Not sure about the translated term limited (from German); perhaps cut-off function?

1. The problem statement, all variables and given/known data

Let $f$ be a measurable function in a measure space $(\Omega, \mathcal{F}, \mu)$ and $C>0$. Show that the following function is measurable:
$$f_C(x) = \left\{ \begin{array}{ll} f(x) & \mbox{if } |f(x)| \leq C \\ C & \mbox{if } f(x) > C \\ -C & \mbox{if } f(x) < -C \end{array} \right.$$

2. Relevant equations

None in particular.

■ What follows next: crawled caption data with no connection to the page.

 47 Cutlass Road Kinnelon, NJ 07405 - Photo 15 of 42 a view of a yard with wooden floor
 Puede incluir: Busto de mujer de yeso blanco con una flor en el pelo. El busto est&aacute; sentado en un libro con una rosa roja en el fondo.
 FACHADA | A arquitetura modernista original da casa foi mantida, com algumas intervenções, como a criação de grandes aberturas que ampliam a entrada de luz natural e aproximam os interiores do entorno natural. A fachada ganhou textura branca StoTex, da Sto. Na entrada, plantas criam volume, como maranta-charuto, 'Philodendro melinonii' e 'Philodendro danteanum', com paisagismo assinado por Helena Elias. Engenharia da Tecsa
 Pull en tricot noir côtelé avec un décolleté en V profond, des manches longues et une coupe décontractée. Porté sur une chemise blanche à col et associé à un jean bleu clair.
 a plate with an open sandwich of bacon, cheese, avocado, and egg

Definition, measurable space:
An ordered tuple $(\Omega,\mathcal{F})$, where $\Omega$ is a set and $\mathcal{F}$ is a $\sigma$-algebra of subsets in $\Omega$, is called a *measurable space*.

Definition, measureable function:
https://en.wikipedia.org/wiki/Measurable_function

3. The attempt at a solution

Since $f$ is measurable, then $f_C$ is measurable when $|f(x)| < C$.

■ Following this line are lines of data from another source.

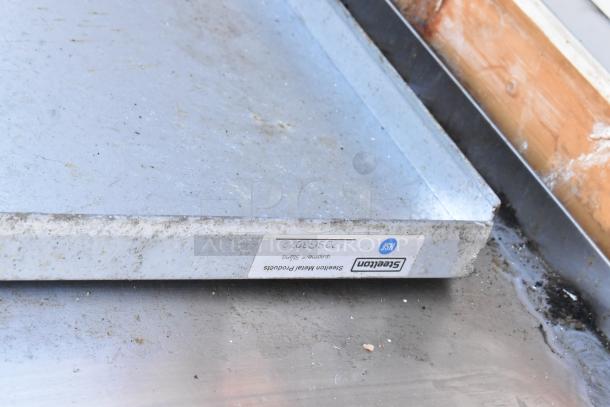 Stainless steel table with visible wear and signs of use. Label reads "Steelfon Metal Products, Equipment Stand."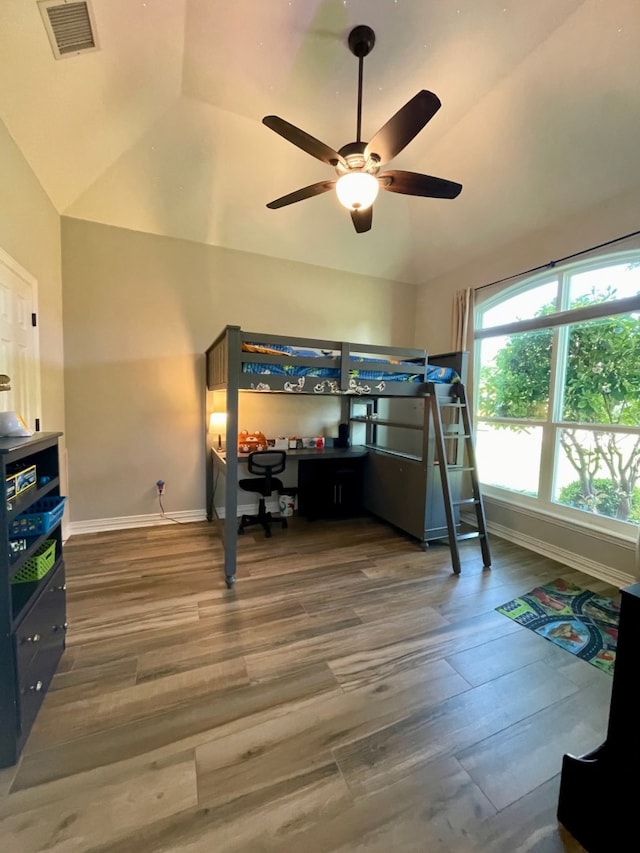 bedroom with built in desk, hardwood / wood-style flooring, vaulted ceiling, and ceiling fan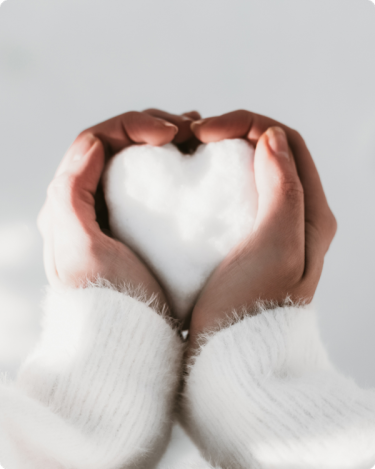 Close-up of hands forming a heart from snow, representing calm trust-based marketing for introverted solopreneurs.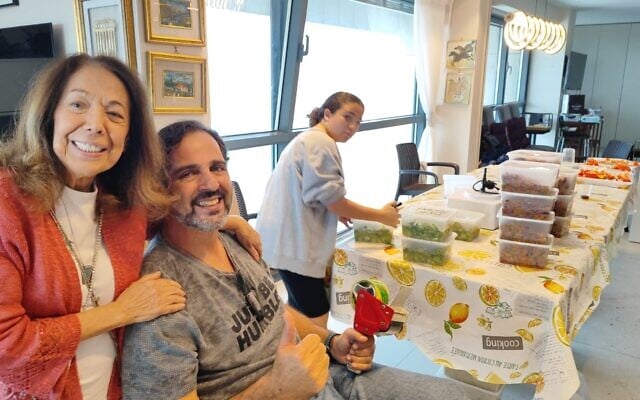 Shekoufeh 'Chicki' Elghanian, left, and volunteers at her Herzliya apartment, on December 28, 2023. (Gavriel Fiske/TOI)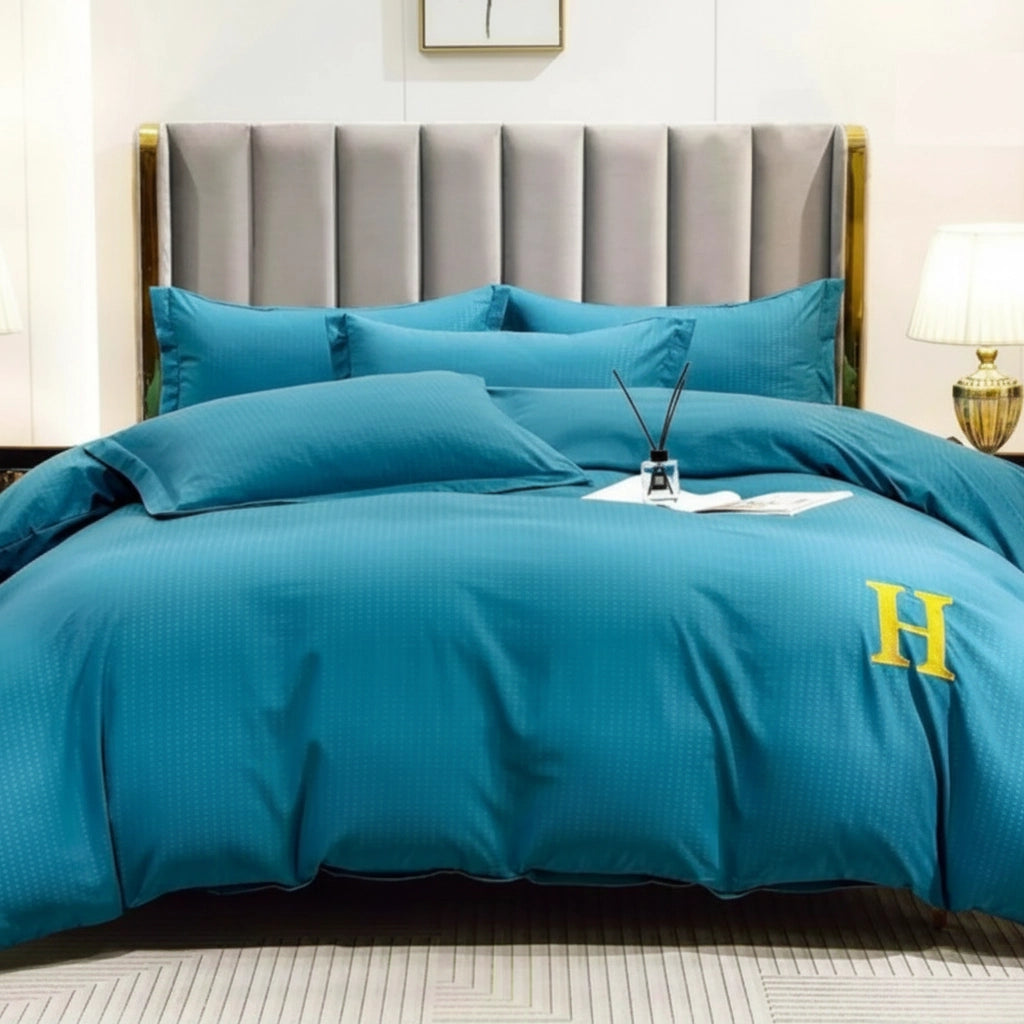 Deep teal bed sheet paired with quilt cover and pillow cover on modern bed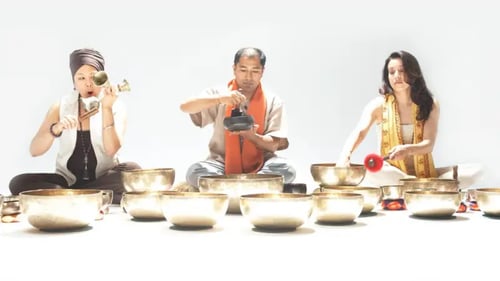 Three people sitting next to each other doing sound healing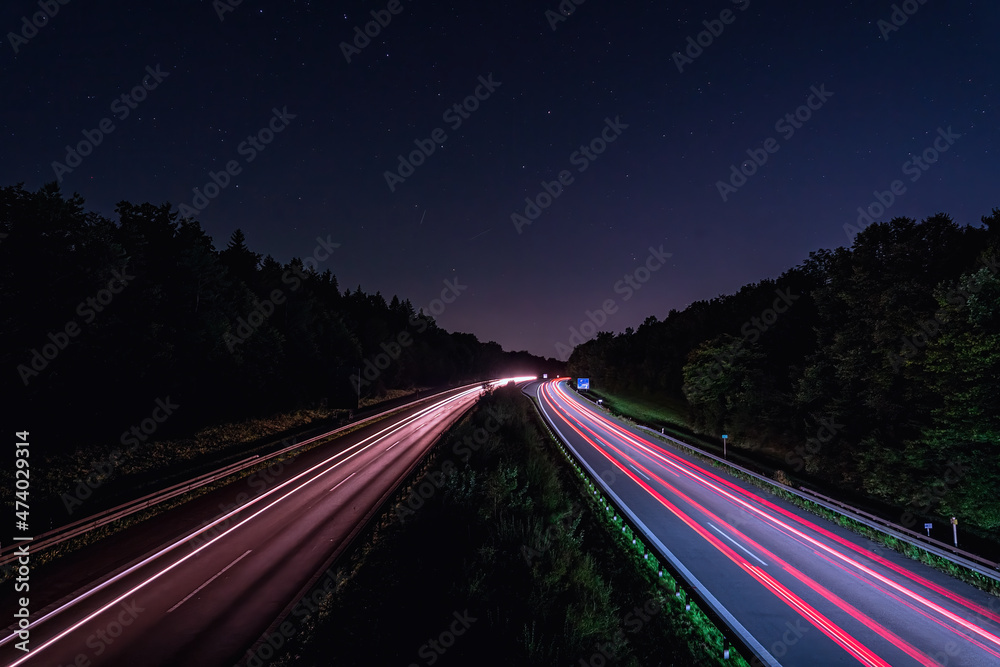 A german Autobahn at night with lighttrails of the fast driving cars in red, wallpaper photo for a high speed concept.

It should be trivial to prove that a constant function is measurable.

I'm not sure how to approach $f_C$ at $C$. Perhaps: We have shown that $f_C$ is measurable at all points except $f(x)=C$, but a single point has measure $0$. However this seems very hand-wavy and probably entirely incorrect...

2. Feb 11, 2017

### Dick

You can make it a lot less hand-wavy if you state and work with the definition of 'measurable'. You want to show $\{x:f_C(x)<a\}$ is measurable for all $a$. You know $\{x:f(x)<a\}$ is measurable for all $a$. How do they compare?